The company notes that when directories and direct mail are not counted, the health of the industry looks even stronger, with a 7.6 percent growth rate for 2019. However, leveling out political advertising year-to-year brings overall growth down to 3.8 percent. Regardless, growth is outpacing the general economy, which is showing signs of gradual deceleration. Looking to 2020, GroupM expects further softening as the economy normalizes after a period of growth supported by factors including the 2017 domestic tax cut, an expanding federal deficit and low interest rates. As the effects of these fade, heightened trade barriers should concurrently become a drag on the overall economy. The 2020 Olympics will likely provide some benefits, although the company notes that it can be difficult to identify the degree to which Olympic activity captures spending that would already have occurred or if it causes incremental spending to flow into the advertising market.
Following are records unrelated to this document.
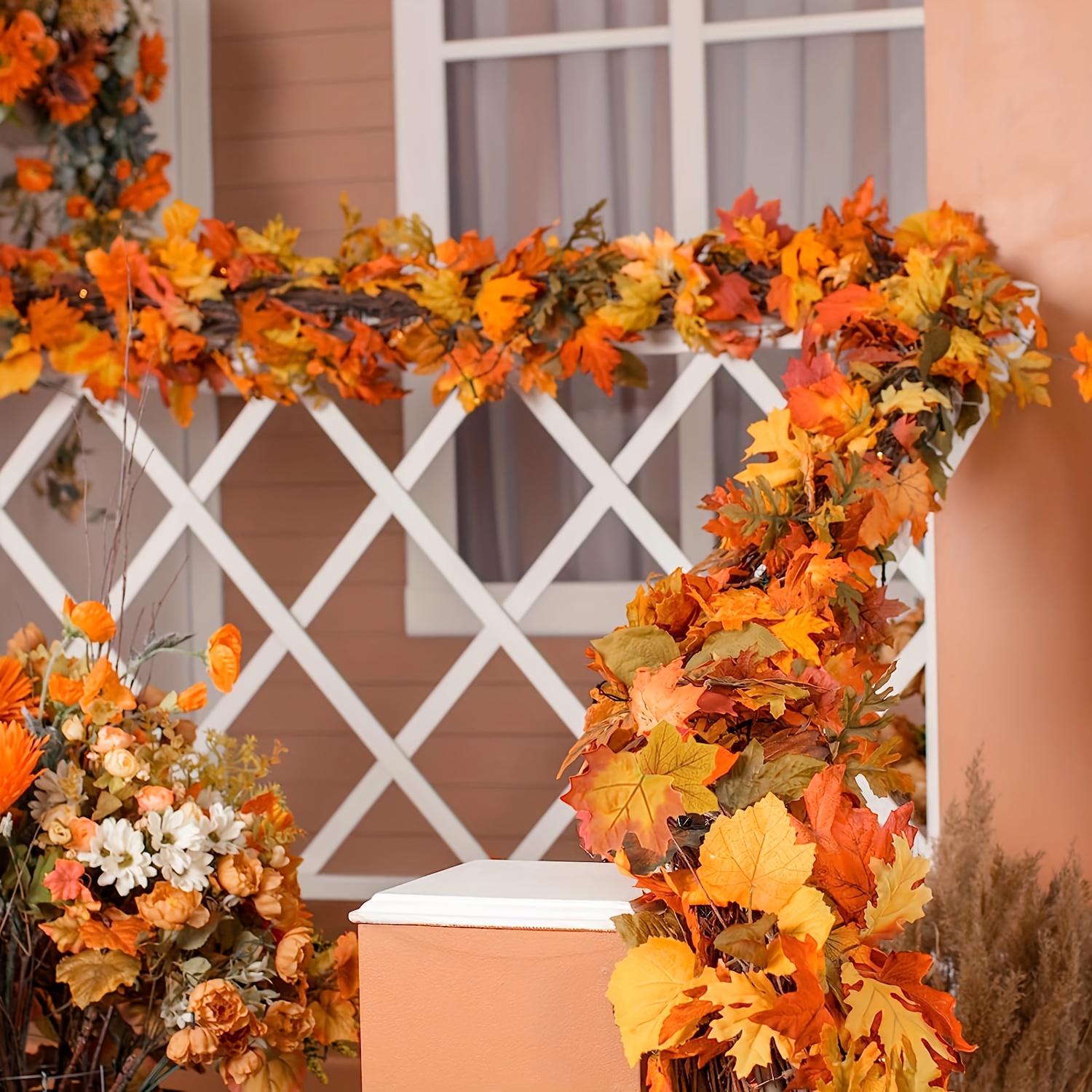 100CM Autumn Artificial Maple  - Christmas Wreath Fake avaliação e preço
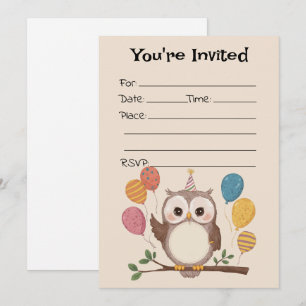 Invitation Remplissez L'Invitation Anniversaire De La Chouett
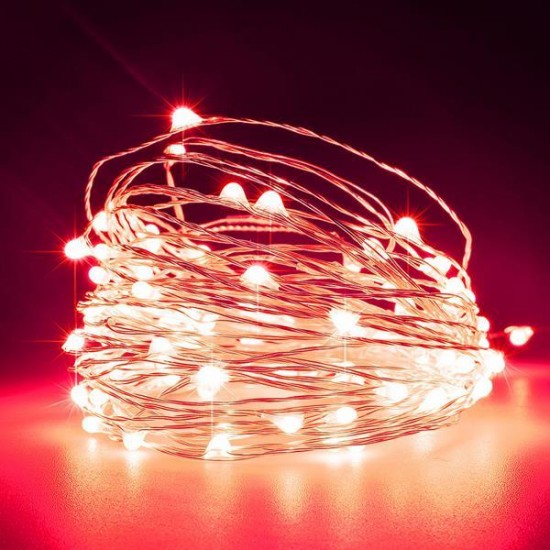 ΣΕΙΡΑ, 100 ΜΙΝΙ LED, ΜΕΤΑΣΧΗΜΑΤΙΣΤΗ, ΣΤΑΘΕΡΟ, ΑΣΗΜΙ ΧΑΛΚΙΝΟ ΚΑΛΩΔΙΟ, ΚΟΚΚΙΝΟ LED ANA 10cm, ΠΡΟΕΚΤΑΣΗ ΠΑΡΟΧΗΣ 5m, ΙΡ44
Digital-first marketers are likely driving much of the industry’s recent growth, GroupM says. Facebook, Amazon, Netflix, Alphabet, eBay, IAC, Uber and Booking.com are eight companies that are likely to spend more than $30 billion on advertising globally this year, with most of that going into the U.S. market. The next tier of digital native advertisers, such as Wayfair, Chewy.com or any of the digitally-oriented companies spending hundreds of millions of dollars on advertising annually, will likely add additional percentage points of growth.

Advertising revenue from pure-play internet-based companies should reach $127 billion in revenue next year, representing fully half of the industry. GroupM forecasts digital pure-play media (i.e., excluding digital revenues associated with traditional media owners) will end 2019 with a 20 percent increase, and rise by 13 percent in 2020.
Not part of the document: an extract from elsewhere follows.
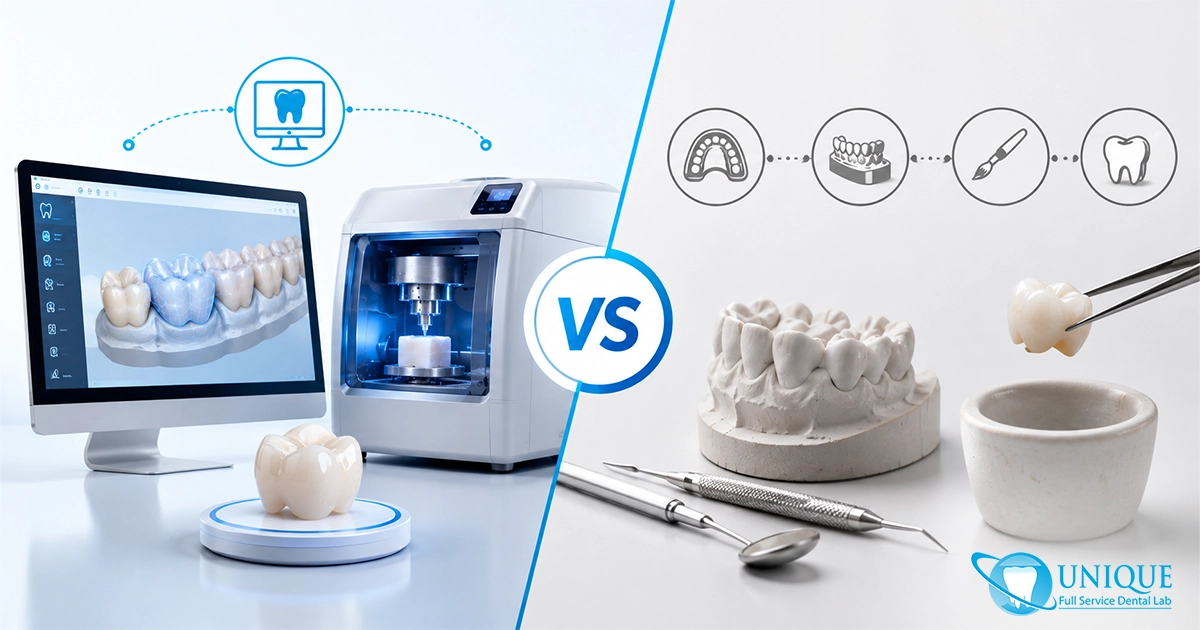 Comparison graphic showing modern dental CAD CAM 3D software and milling machine on the left versus traditional plaster mold impression and hand-layered crown techniques on the right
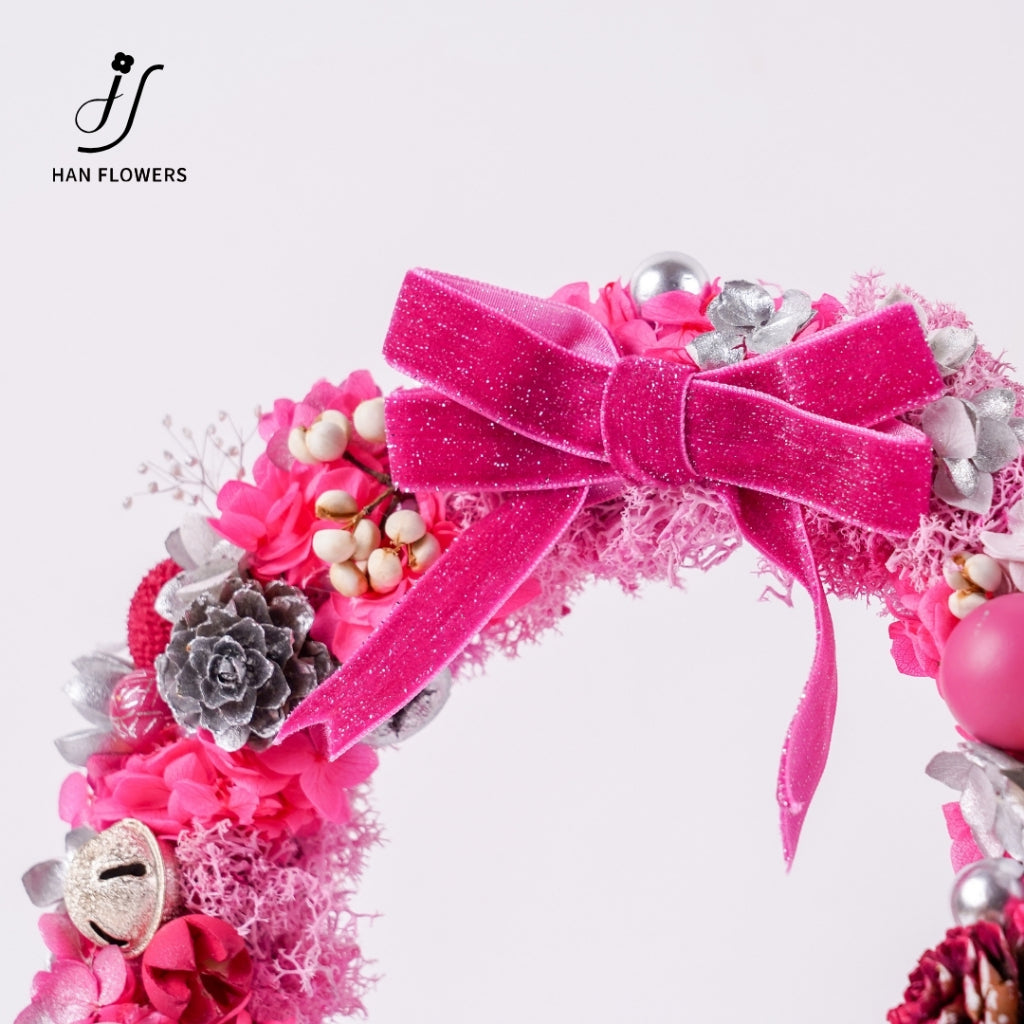 Pink Sparkling Christmas Wreath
The company predicts that the rapid growth from digital marketers should abate and eventually normalize. While this would contribute to industry-wide ad spending deceleration, the U.S. is more likely to produce more of these kinds of marketers in years ahead than are most other economies, and so there is reason for a degree of optimism. For example, GroupM expects the new and existing streaming video services to account for multiple billions of dollars in domestic advertising spending by the time these services are all operating at scale.

Overall, GroupM’s best “feel” for the advertising market is to forecast a lower growth rate beyond 2021, and it is incorporating a three percent expectation for subsequent years.